The science behind this approach is compelling. Research shows that COPD, asthma, and other respiratory conditions alter voice characteristics in detectable ways. Patients with COPD often have characteristic cough sounds and vocal patterns that AI algorithms can recognize with 66–77% sensitivity—comparable to or exceeding traditional screening methods. What makes this approach revolutionary is its accessibility: it requires only a smartphone, needs no expensive equipment, takes minutes, and can be deployed in community settings, clinics, or even homes.
The PinkTree Foundation has been pioneering this approach in India. During community lung health camps in Mumbai's neighborhoods like Govandi, Deonar, and Versova, PinkTree introduced vocal biomarker analysis as a screening tool. Instead of requiring patients to travel to hospitals or afford spirometry tests, residents could have their respiratory status assessed through a simple voice analysis right in their community.
The advantage is profound: vocal biomarkers lower the barrier to screening, making early detection accessible to populations that traditional healthcare systems have not yet reached. This is particularly valuable in India, where the gap between available diagnostic capacity and population need is so vast.
The Path Forward: Breaking the Silence
Addressing India's silent epidemic of undiagnosed lung disease requires action on multiple fronts.
Awareness campaigns must reframe respiratory symptoms—particularly persistent cough and breathlessness—as potentially serious conditions worthy of medical evaluation, not inevitable features of aging. Communities need to understand that COPD affects non-smokers, that asthma is treatable, and that early diagnosis changes outcomes.
Healthcare system strengthening must include spirometry training programs for primary care physicians, equipment provision to government clinics, and task-sharing approaches where trained nurses and respiratory technicians perform spirometry under physician supervision, expanding access significantly.
Innovative diagnostic tools—like vocal biomarker technology—must be integrated into screening programs in high-burden communities, workplaces, and clinics, making early detection practical and affordable.
Policy support is essential. Inclusion of respiratory disease screening in government health programs, coverage of inhalers and medications under insurance schemes, and integration of respiratory care into primary health centers would dramatically expand access to diagnosis and treatment.
Community engagement remains foundational. When communities understand that breathlessness is not inevitable, when they see neighbors who were once struggling now working productively after receiving treatment, attitudes shift and people seek care earlier.
The PinkTree Foundation's work—bringing screening camps to communities, introducing innovative diagnostic technologies, and advocating for policy change—represents this multifaceted approach.

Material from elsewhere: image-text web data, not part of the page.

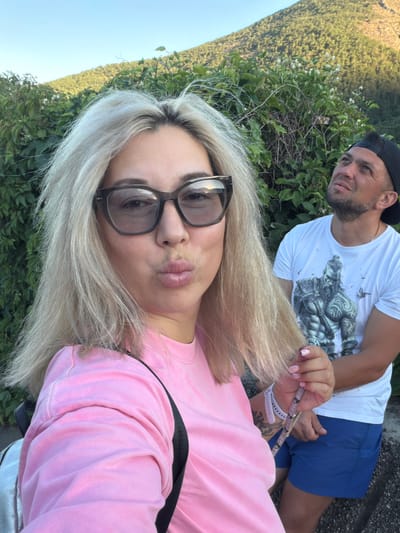 In Partenit, Ukraine, a woman with platinum blonde hair and large dark-rimmed glasses takes a selfie, puckering her lips. She wears a pink crewneck shirt and a silver backpack. Beside her, a man in a white t-shirt with a graphic print and blue shorts looks up and to the right. They are positioned outdoors with lush green foliage and a tree-covered mountainside visible in the background under a clear sky.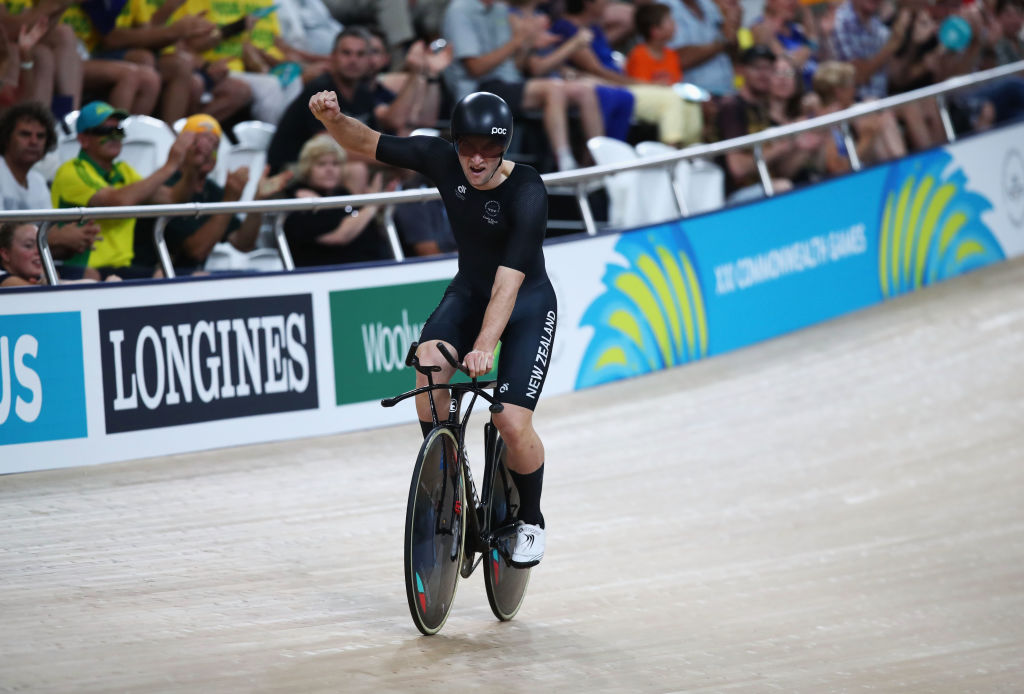 Dylan Kennett celebrates setting a Commonwealth Games record during the Men's 4000m Individual...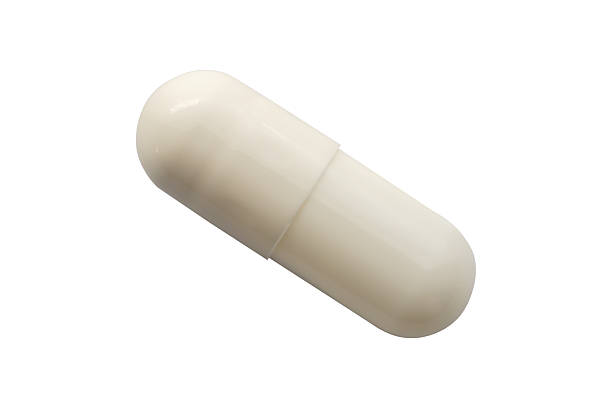 istock White medicine pill capsule isolated on white background 2212812383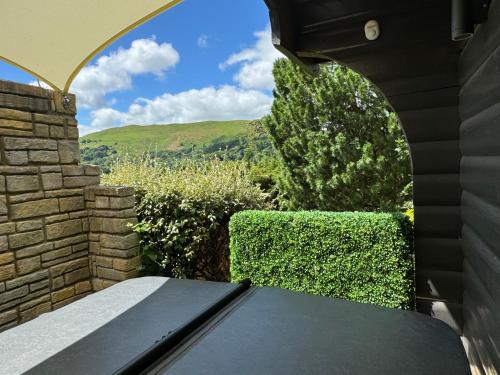 a view from the outside of a house with a bench at LARCHES LODGE Norwegian log cabin, wood stove & spa in Church Stretton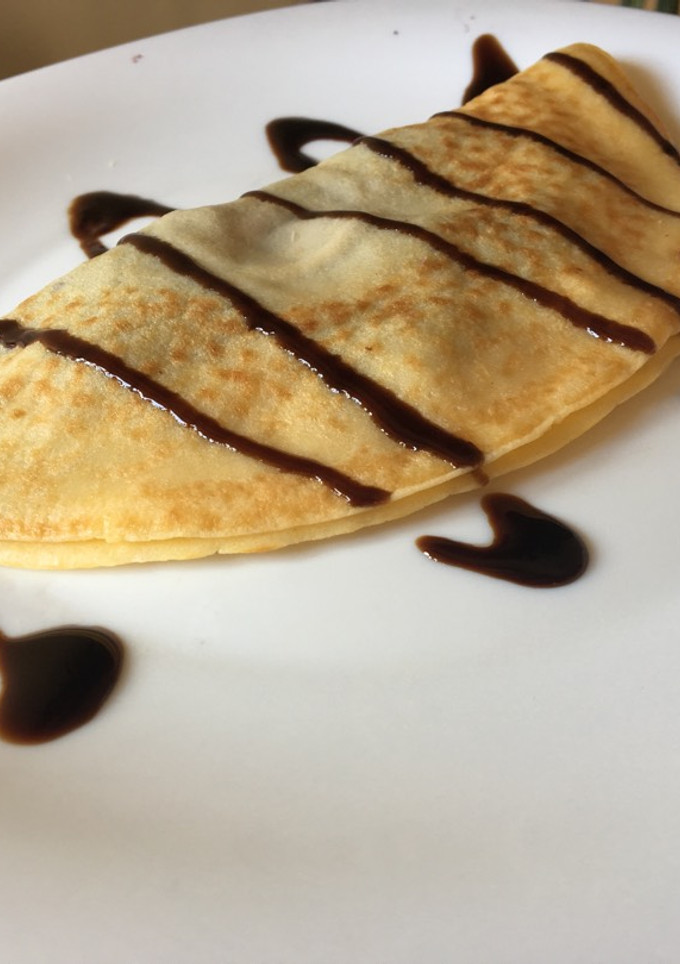 Una foto de Crepes de queso de cabra y mermelada de arándanos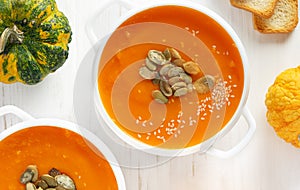 Pumpkin soup bowl with seeds on white wooden background. Top view.
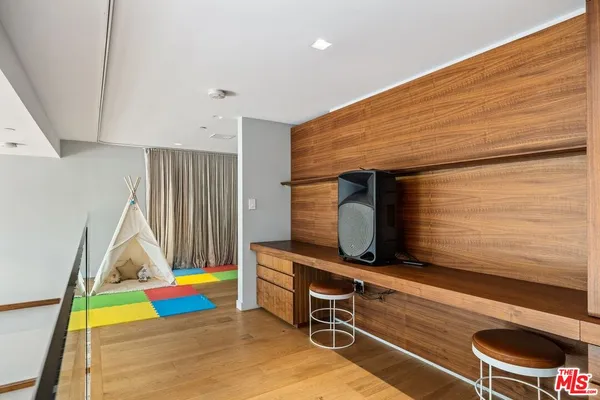 a room with wooden floor and furniture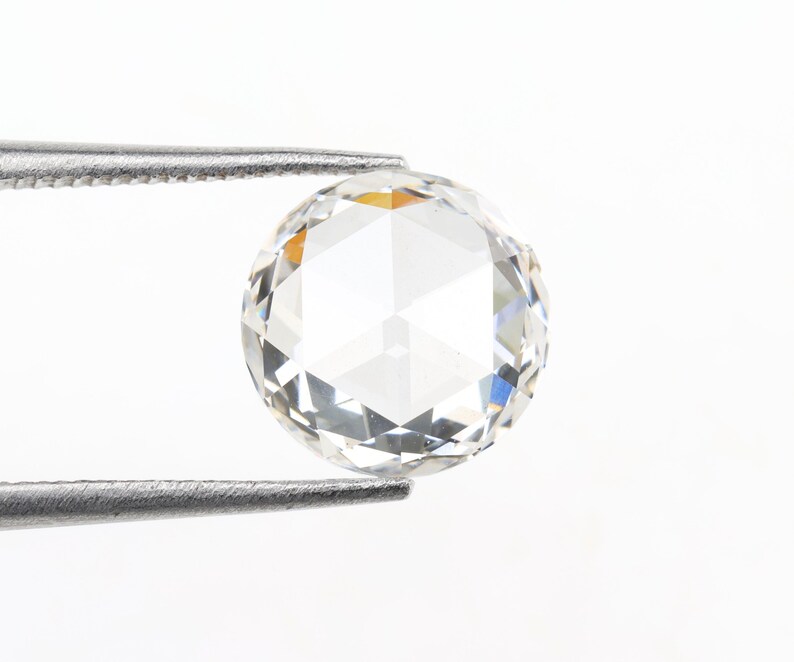 May include: A clear, round-cut diamond held by a pair of silver tweezers. The diamond has multiple facets that reflect light, creating a sparkling effect. The background is plain white, highlighting the gemstone.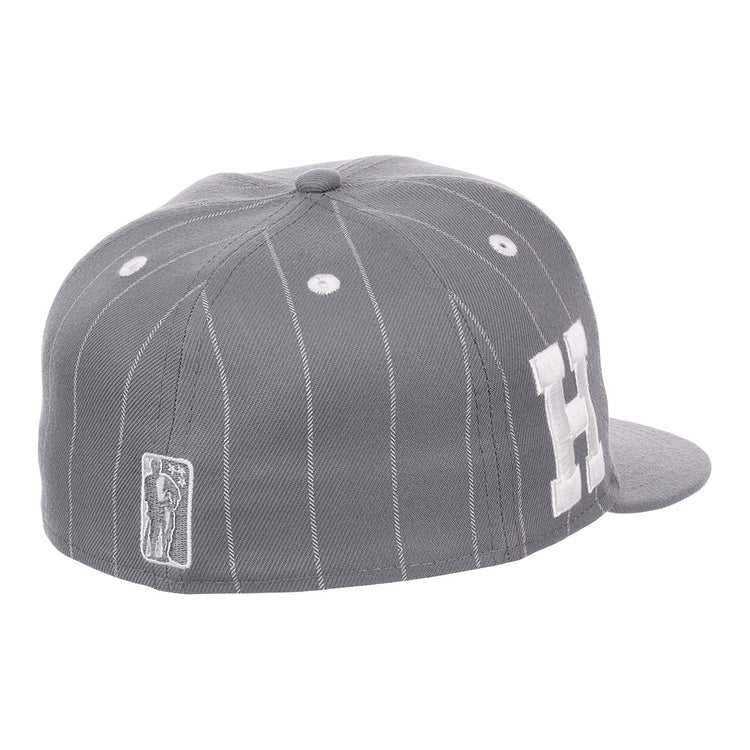 The EFF Homestead Grays NLB Black Pinstripe Fitted Ballcap features black pinstripes, white stitching, a large white H on the side, and a small embroidered batter logo near the back, inspired by the Negro National League team.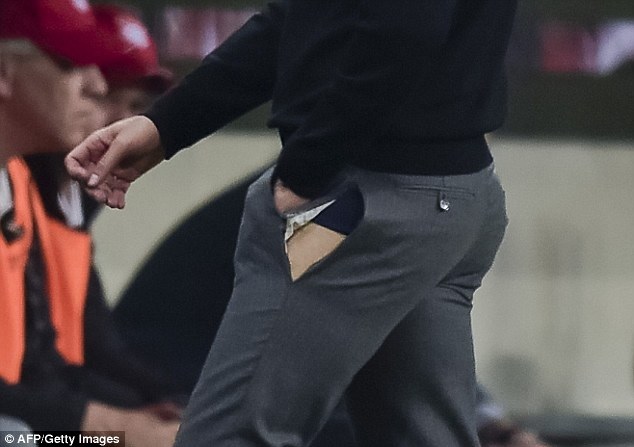 Zinedine Zidane flashes the world after his trousers rip on the Real Madrid touchline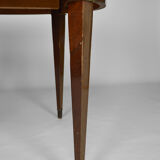 Art Deco mahogany round table by Jacques Adnet around 1940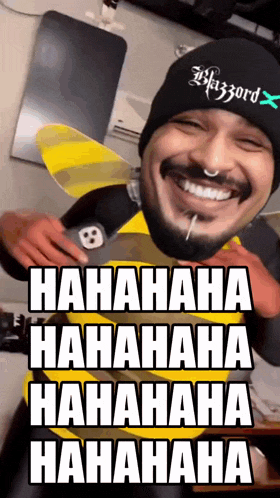 a man wearing a bee costume is laughing with the words hahahaha hahahaha hahahaha  hahaha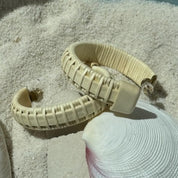 Holly wood Seasons large hoop earrings finished with a light weaver wrap, a bold sculptural design secured with gold post backs — American-made by Military Spouse artisans in Stonington, Connecticut.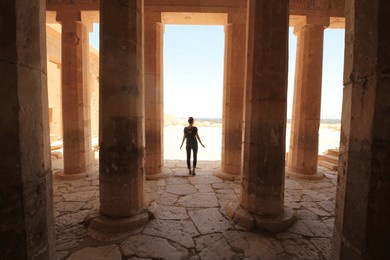 woman standing amongst columns in egypt
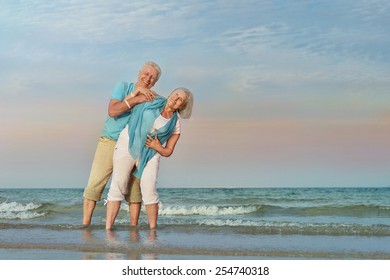 Happy Mature couple enjoy fresh air on beach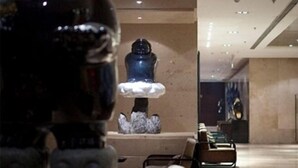 Un interior moderno con una escultura central, zona de estar y un techo alto con iluminación empotrada.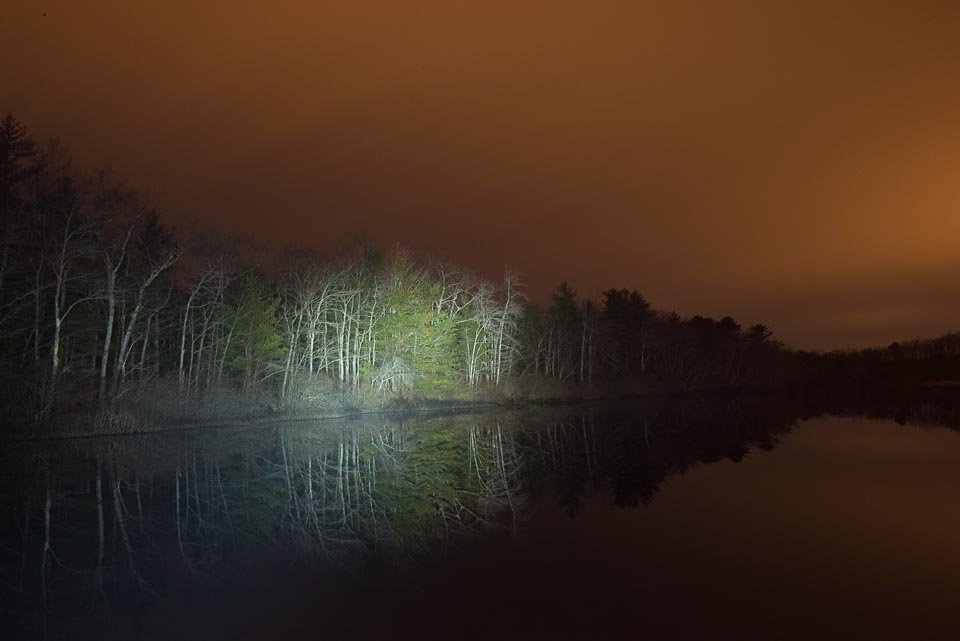 Nighttime scene of a lake with trees on the shoreline illuminated by a bright flashlight, reflecting on the water under a cloudy, orange sky.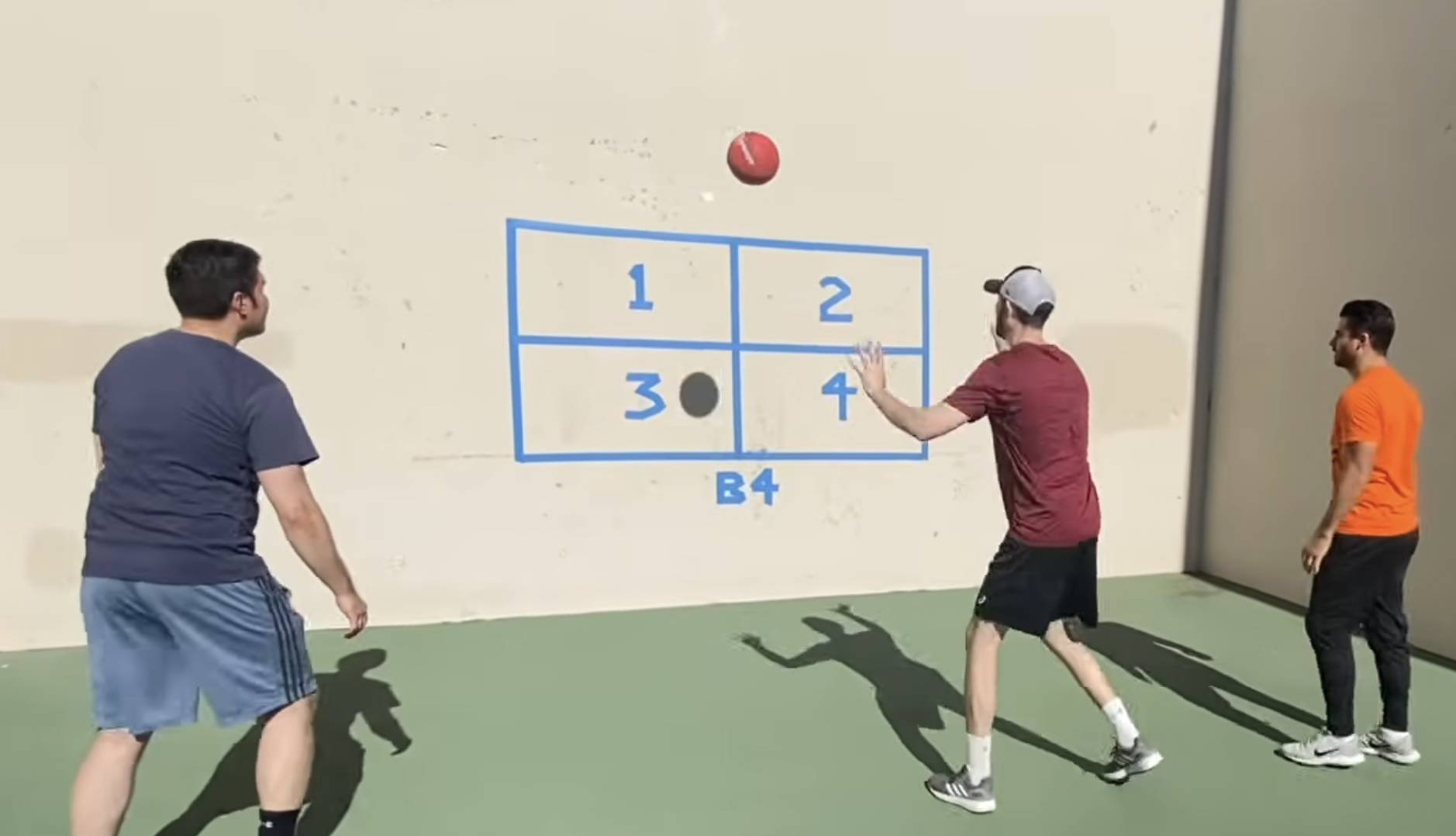 Three men play a wall ball game against a target grid marked one through four painted on a court wall.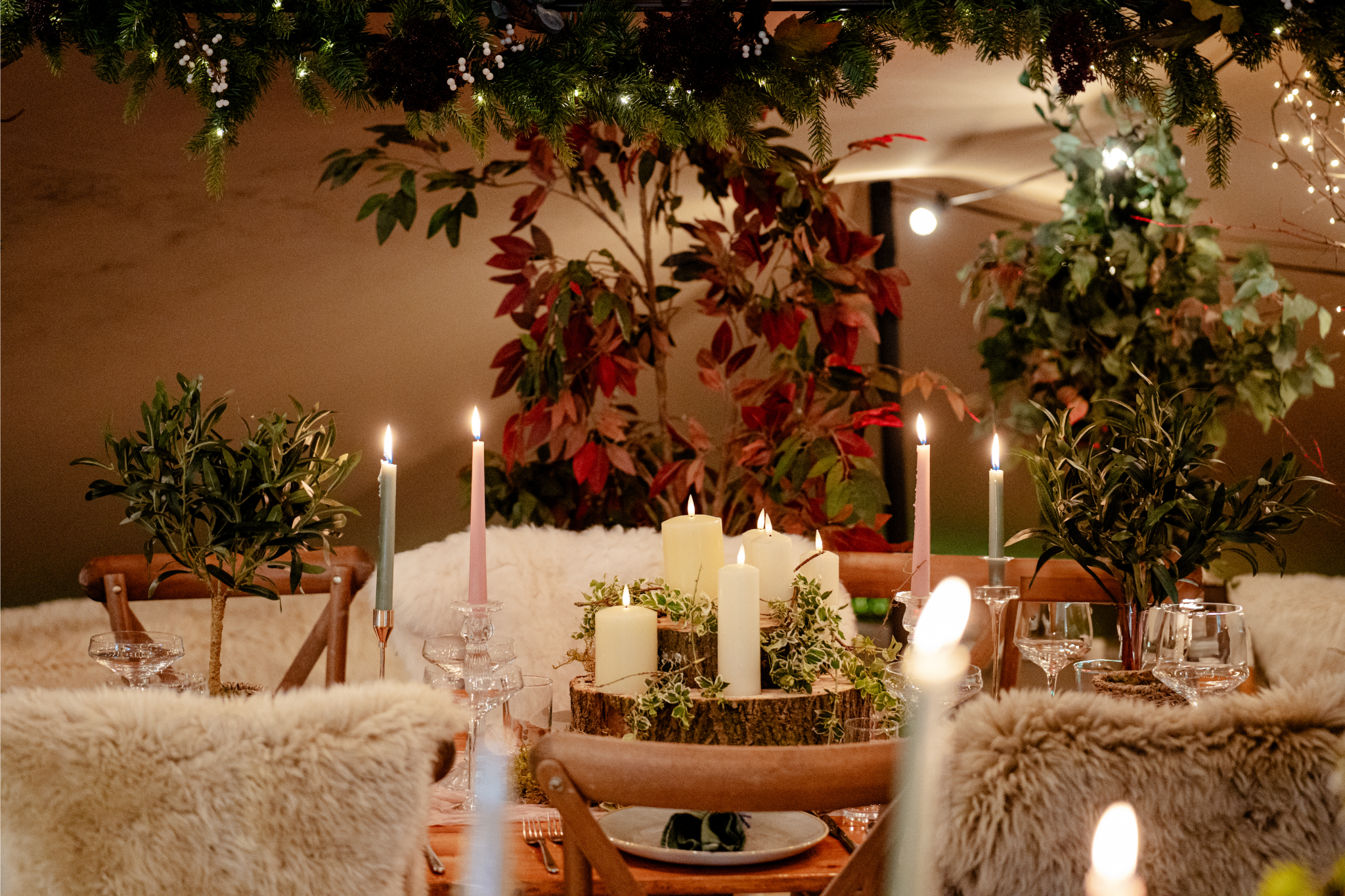 A festive dining table decorated with candles, greenery, and candles on a tree trunk centerpiece, surrounded by plush chairs and plants, with Christmas garland overhead.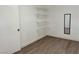 Walk-in closet with wood-look floors and built-in shelving at 5157 New Bedford Dr, Las Vegas, NV 89122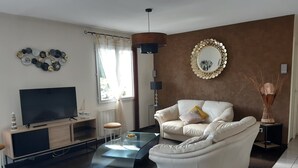 A modern living room with a flat-screen TV, a white sofa, a glass coffee table, and a decorative mirror on the wall. - single-storey house 600 m beach (Étables-sur-Mer)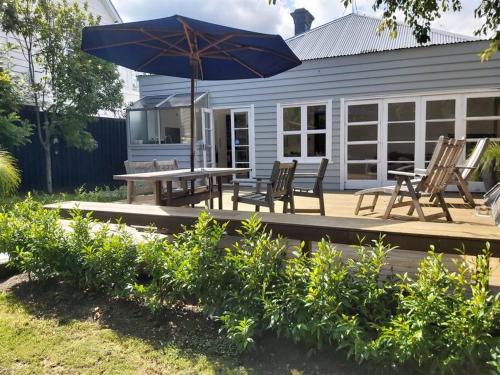 a patio with a table and chairs and an umbrella at Grafton House Villa Oasis, Central Auckland in Auckland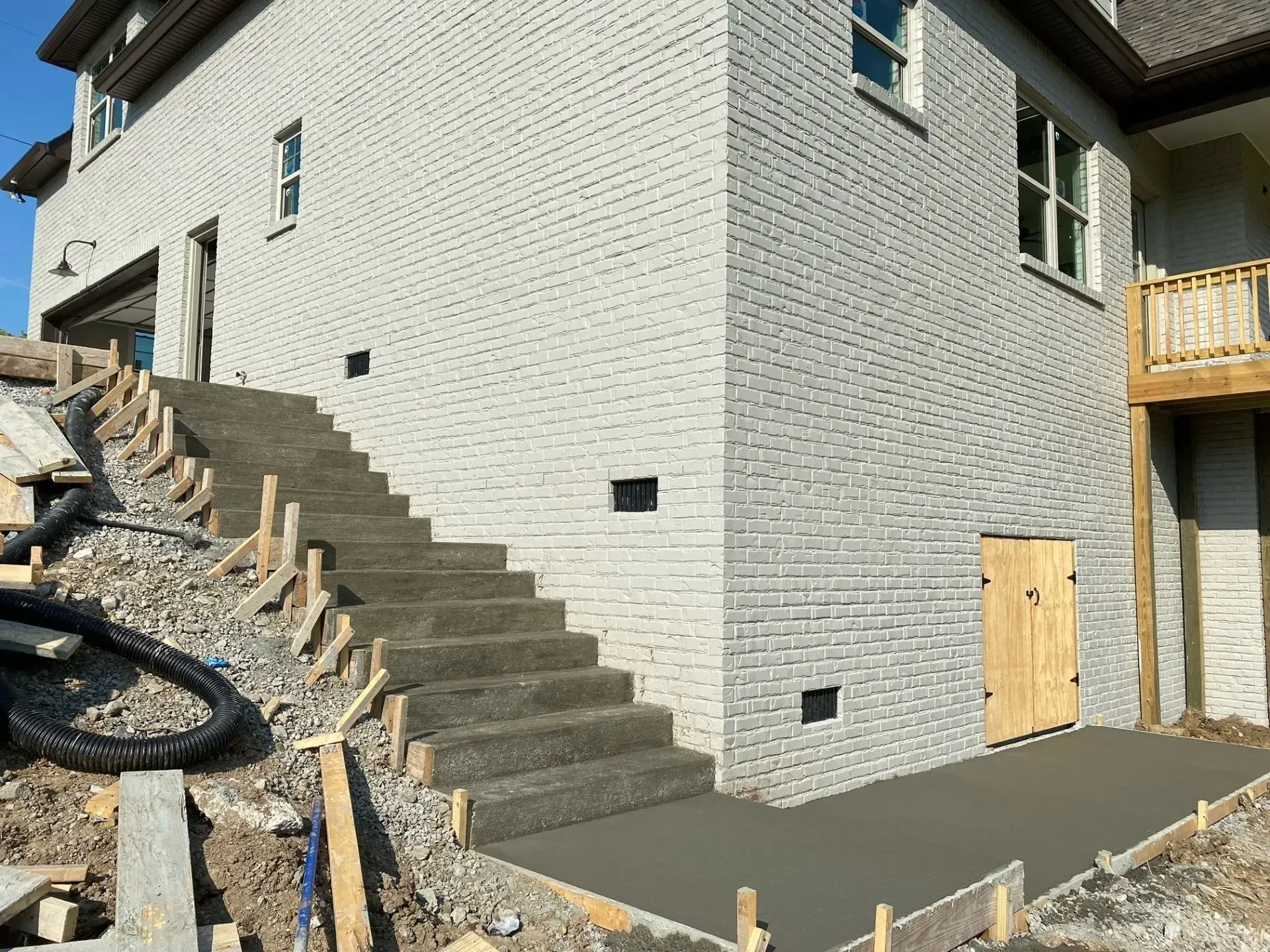 Concrete steps and landing under construction next to a brick building. Wooden forms visible.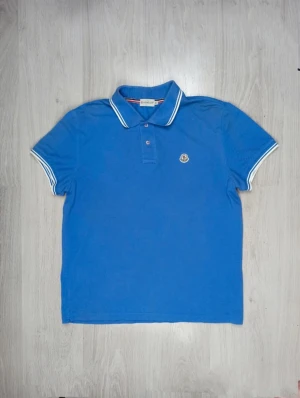 Moncler piké  - Blå monclear piké i storlek L/Xl Väldigt bra skick. Använd få gånger.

The foundation's mission recognizes that the illness we don't talk about remains an illness nonetheless. It progresses silently, stealing years of productivity, quality of life, and health from millions who could be helped if only their condition were recognized.
Breaking this silence begins with awareness: knowing that a persistent cough is worth investigating, that breathlessness at middle age is not normal aging, and that diagnosis and treatment are available. It continues with action: seeking care, pushing healthcare systems to invest in diagnosis, and building a culture where respiratory health is understood as something everyone deserves to protect.
Ramesh's advanced COPD diagnosis could have been prevented with earlier recognition. How many others are following his path right now? That question should move us to act.